I suggested in a previous post that assuring user experience should be big data job no. 1. In conjunction with this thesis, security should be big data job #2. The point here is that if an organization cannot assure the user experience and secure the data then all of its big data ambitions are for naught.
The threat landscape is growing ever more hazardous as cloud, mobile and social gain wide acceptance. These overlapping trends are overburdening legacy security technologies, processes and staff. As a result, Chief Security Officers (CSOs) must evolve toward a holistic unified data protection strategy. This strategy makes security a big data project, encompassing all users, systems and applications.
It means adopting a platform that collects massive amounts of data from both internal and external sources in real-time, indexes the data with time stamps so it is readily searchable, and applies algorithms to correlate the data into events for analysis. These algorithms may be prepackaged by a vendor, developed by a third party or custom built.
A big data security platform should have the following characteristics:
- It must aggregate internal data sources, such as logs, packets, systems, applications, and devices, as well as external sources, including threat intelligence and cloud services incorporating Hadoop and other open sources technologies;
- It must be able to ingest this data in real-time at terabyte or greater scale in massively parallel processing environments;
- Best suited for distributed architecture, the platform should allow for deep-dive correlation and various analytics models to identify threats and vulnerabilities at any layer of the technology stack;
- Finally, the platform should be tightly integrated with security policies and rules to facilitate adjustments and automate remediation.
Such a platform touches endpoint, network, data, content and cloud. It allows the security team to quickly identify and troubleshoot systems, investigate security incidents and demonstrate compliance efficiently and cost effectively. This information provides visibility at all layers of the technology stack and across the enterprise. It allows CSOs to prioritize actions, adjust policies and rules, and speed and improve workflows around incident response.
But as organizations collect, store and analyze more data from a greater number of sources and keep that data online for longer periods of time, this platform need not be exclusively on internally managed infrastructure. More enterprises are turning toward cloud-based solutions or managed service providers as a component of a big data security strategy. Splunk and SumoLogic are good performance monitoring solutions that have strong appeal to security professionals. Customers have the flexibility to deploy these capabilities either on-premise or in the cloud.
The Status Quo Won’t Do
Security tools from the endpoint to the network will remain important pieces of data protection. But preventive, signature-based point solutions have outlived their usefulness against more sophisticated malware, advanced persistent threats and other targeted attacks. These disparate systems waste time and money. Having specialized security analysts manually sift through false positives extends incident detection/resolution time and risk exposure.

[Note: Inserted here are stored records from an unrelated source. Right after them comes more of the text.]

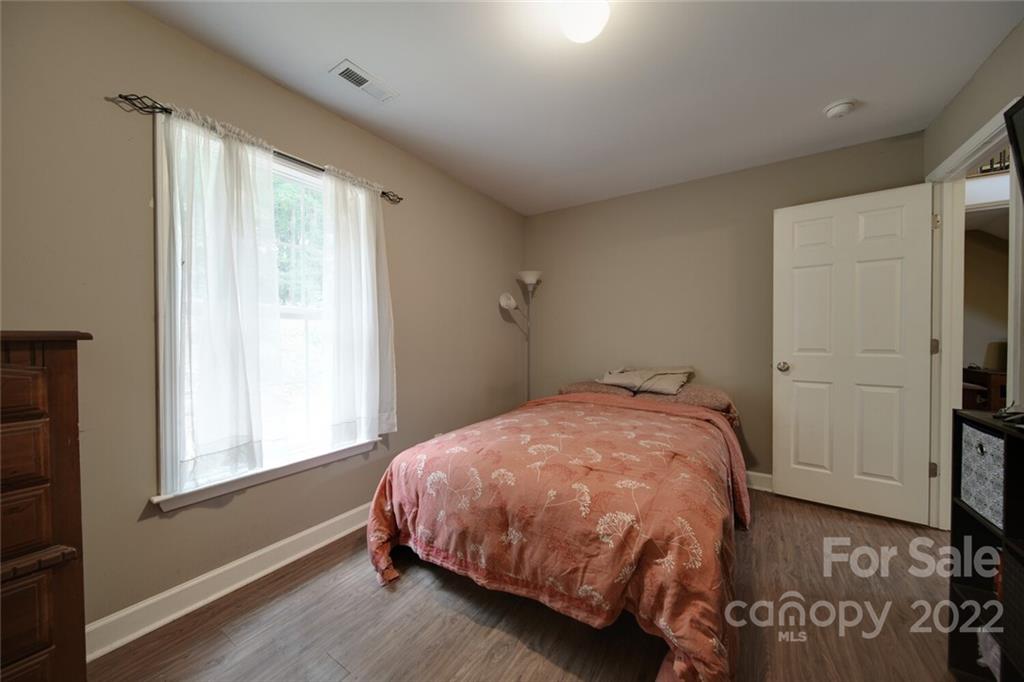 3579 Harmony Road Catawba, SC 29704 - Photo 34 of 48 a bedroom with a bed and a window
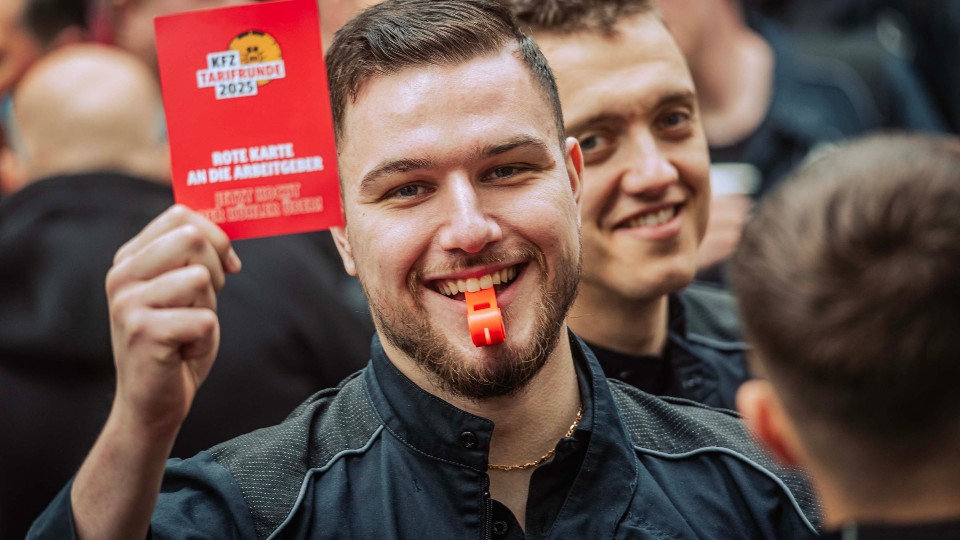 Besch&auml;ftigter zeigt Arbeitgebern w&auml;hrend der Kfz-Tarifrunde 2025 die symbolische Rote Karte.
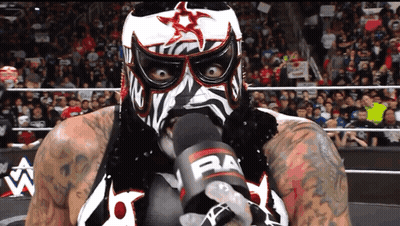 Masked Wrestler Holding Microphone Saying Raw GIF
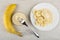 Banana, piece of banana strung on fork above bowl with condensed milk, plate with slices of banana, milk on table. Top view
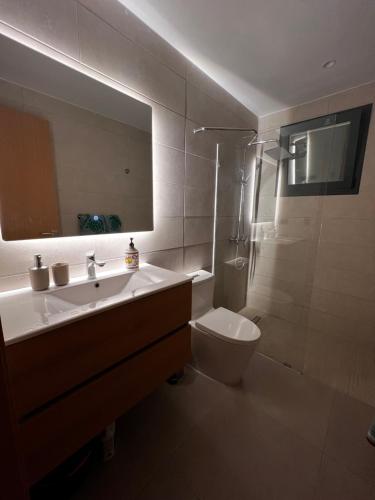 a bathroom with a sink and a toilet and a mirror at Cocotal Luxury apartment on the Golf Course in Punta Cana
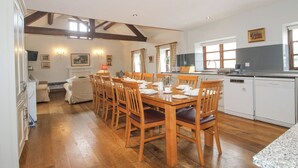 Uma sala de jantar ampla com cadeiras de madeira e uma mesa grande, uma cozinha com eletrodomésticos brancos e uma sala de estar acolhedora com um sofá e uma lareira.
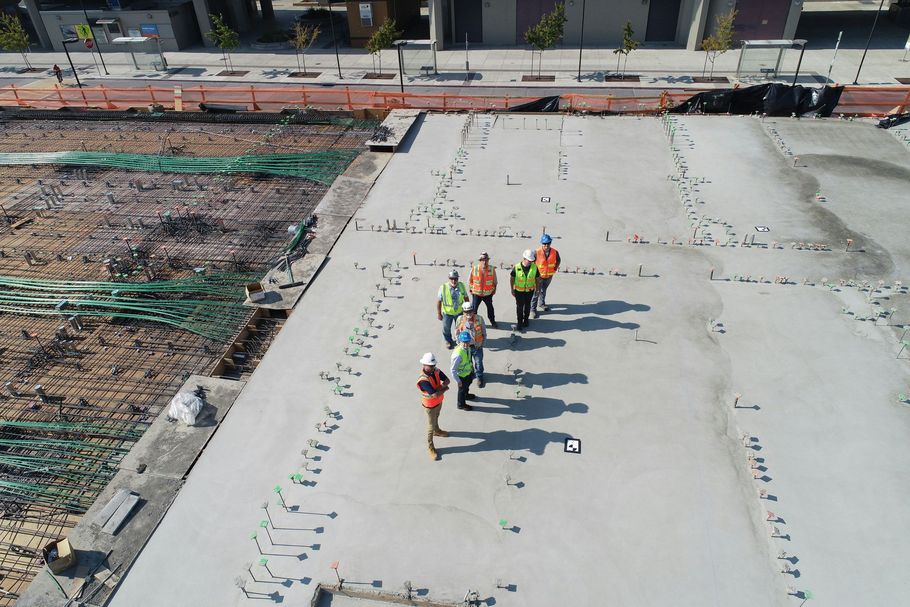 Construction workers in safety vests stand on a concrete slab at a building site.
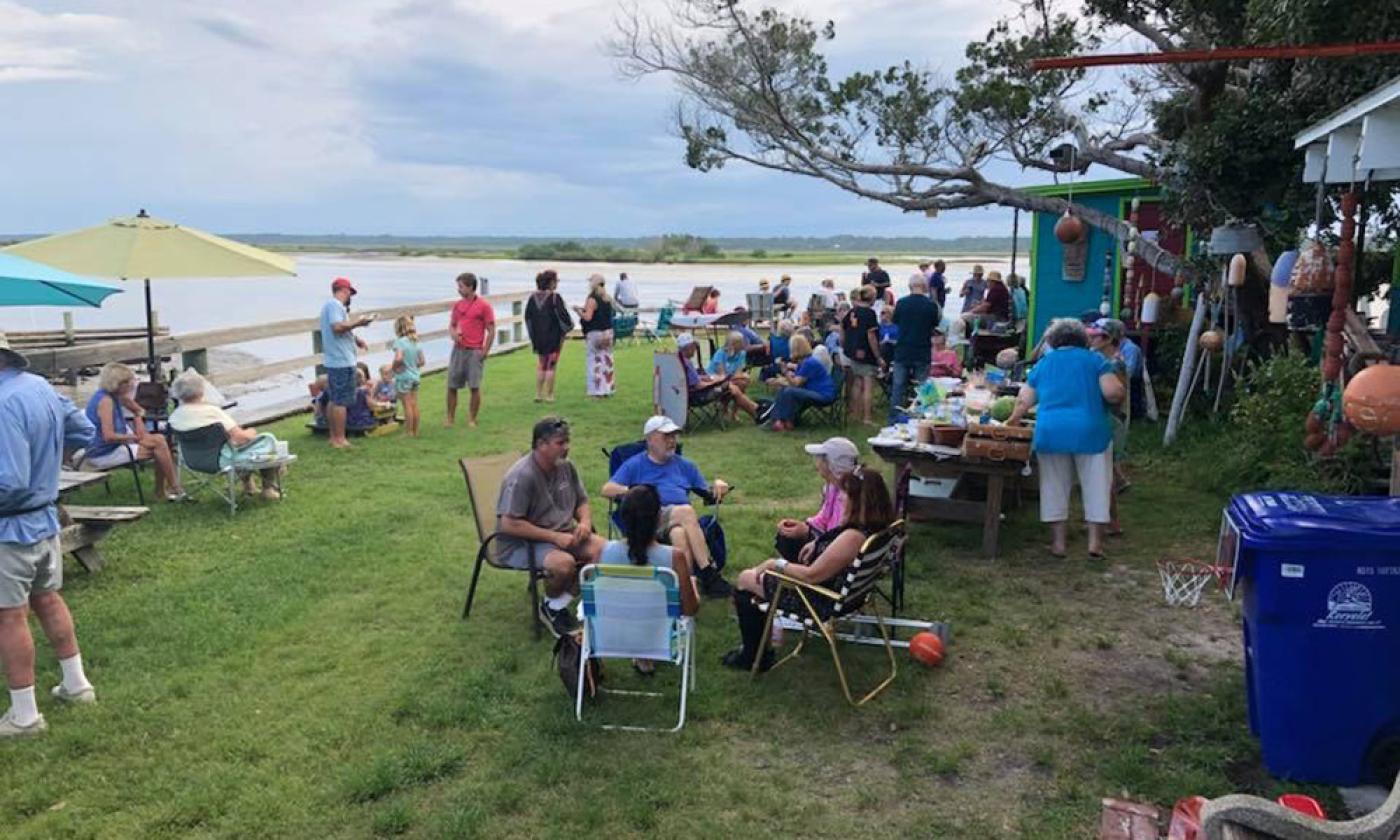 A gathering on the lawn of Genung's Fish Camp, located on the Matanzas River.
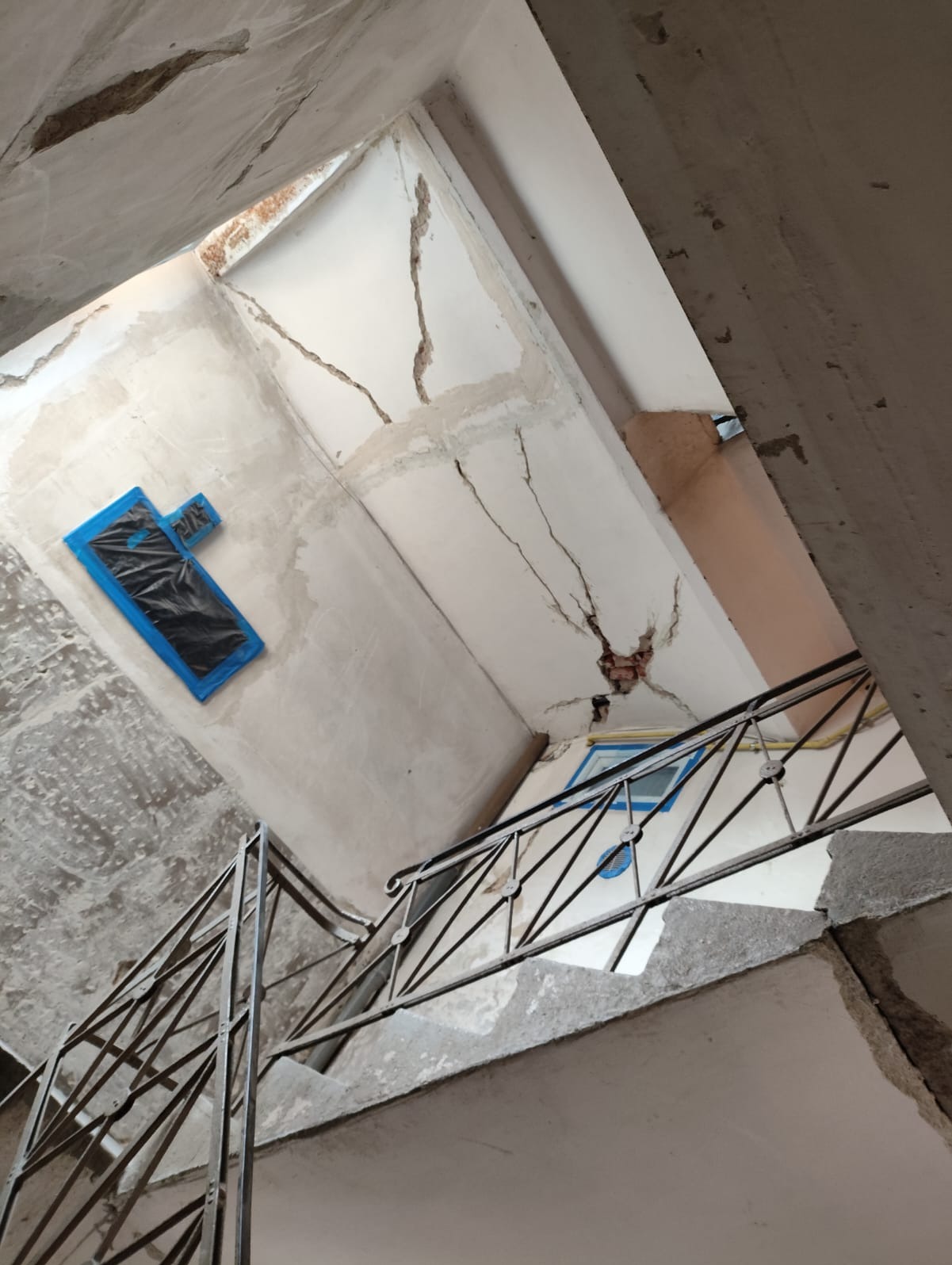 Wnętrze klatki schodowej w trakcie remontu: widoczne pęknięcia na ścianach i suficie, zabezpieczone okno folią, metalowa balustrada schodów. Ujęcie z dołu.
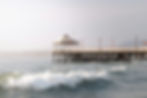 A jetty extends into the water at Huanchaco in Peru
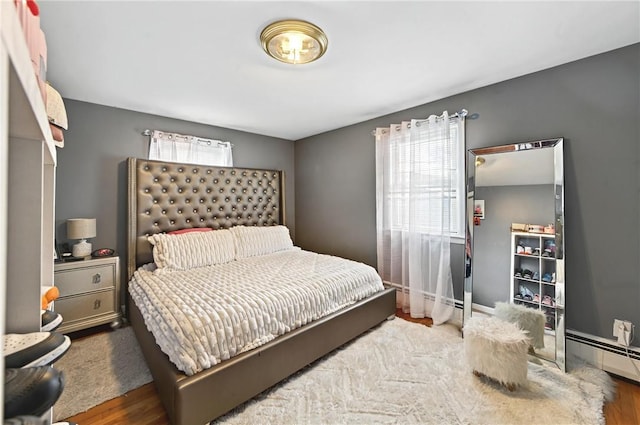 bedroom featuring baseboard heating and dark wood-type flooring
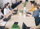 A team of professionals working together at a table, using laptops to accomplish tasks.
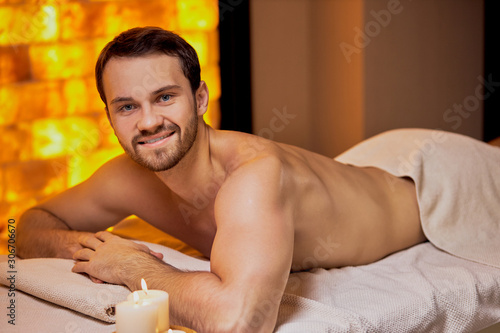 Portrait of young caucasian man lying on massage table at spa center with naked skin, massage on back and shoulders. Smile and look at camera, take pleasure from spa procedures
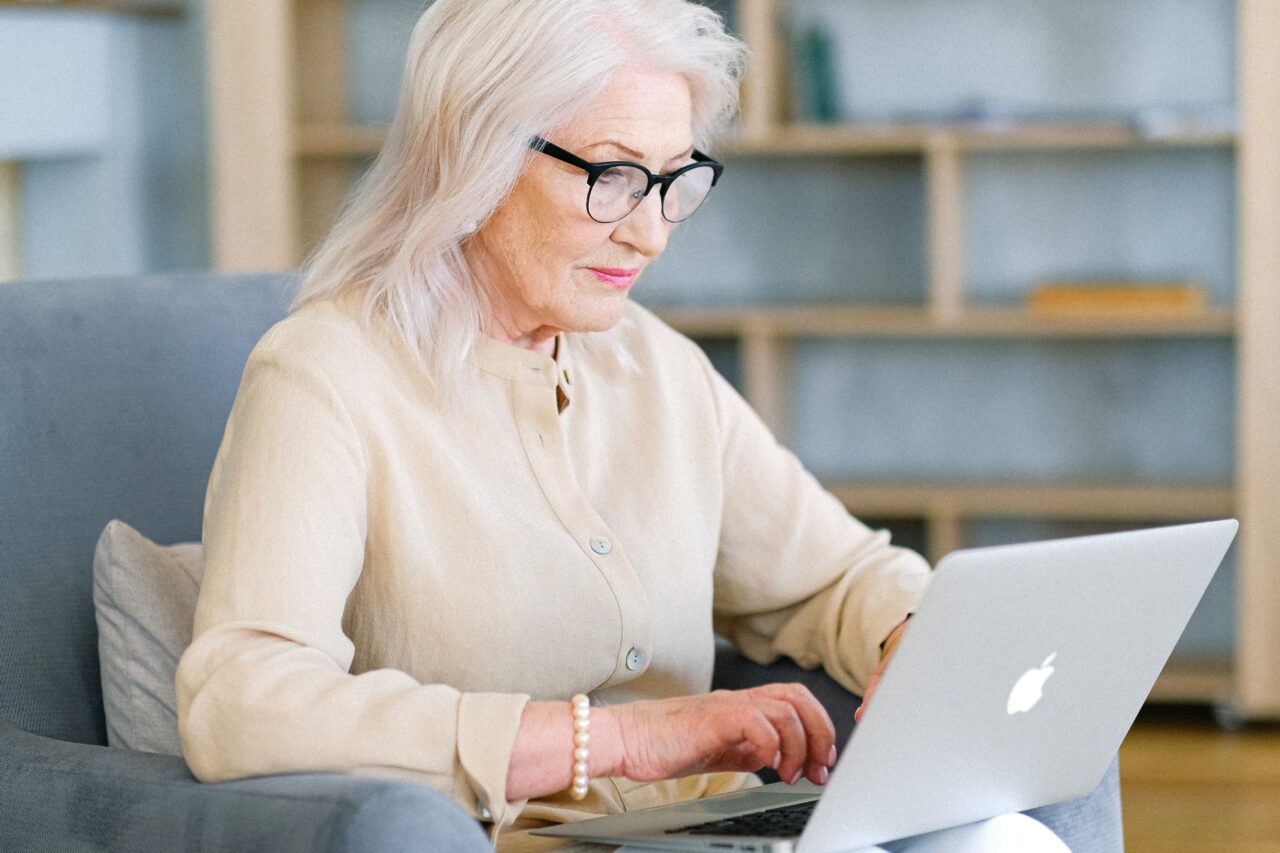 Older woman in glasses working on her laptop.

Discrete security analytics point products that are narrowly focused on specific threats results in a patchwork quilt of technologies from different vendors that do not often work well together. A piecemeal approach to information across servers, networks, storage, operating systems, applications and databases leaves the CSO with an inaccurate and inefficient depiction of the enterprise’s security posture. Meanwhile, first-generation Security Information and Event Management (SIEM) platforms, which were built on SQL databases or proprietary data stores cannot scale to big data requirements.
So while hardened server configurations, next-generation firewalls, signatures to scan for known malware and software vulnerability patches are basic defensive measures, their shortcomings underscore the need for a holistic unified big data security strategy.
How to get there
- Establish a holistic unified big data security strategy and architecture. The strategy should have clearly defined goals, including roles, metrics and time lines. It should be consistent across all security initiatives for data at rest and in motion. The CSO should gain buy-in from the CEO, CFO, CIO and other C-level executives in the company to assure understanding and facilitate implementation. One key objective should be to provide maximum protection with minimum user intrusion.
- Integrate security intelligence into enterprise security dashboards. This enables the collection of security data from within and outside of the enterprise. It also facilitates GRC (governance, regulatory and compliance) mandates.
- Train and deploy security staff on the highest value assets. With limited resources and skills sets, CSOs should tactically use their budget to make certain that human capital is utilized where it is most useful to the organization. Security staff should be focused on the platform that delivers the most intelligence.
- Communicate the strategy throughout the organization. This raises awareness about risks and policies. It also helps maintain adherence with GRC initiatives.
A properly executed big data strategy and platform can serve as the heart of a company’s risk management, incident detection/response and GRC activities. A best practices approach to big data security lowers enterprise and IT risk while providing a better ROI through faster remediation and lower total cost of ownership. All the better if the platform can double in the role of performance monitoring to assure user experience.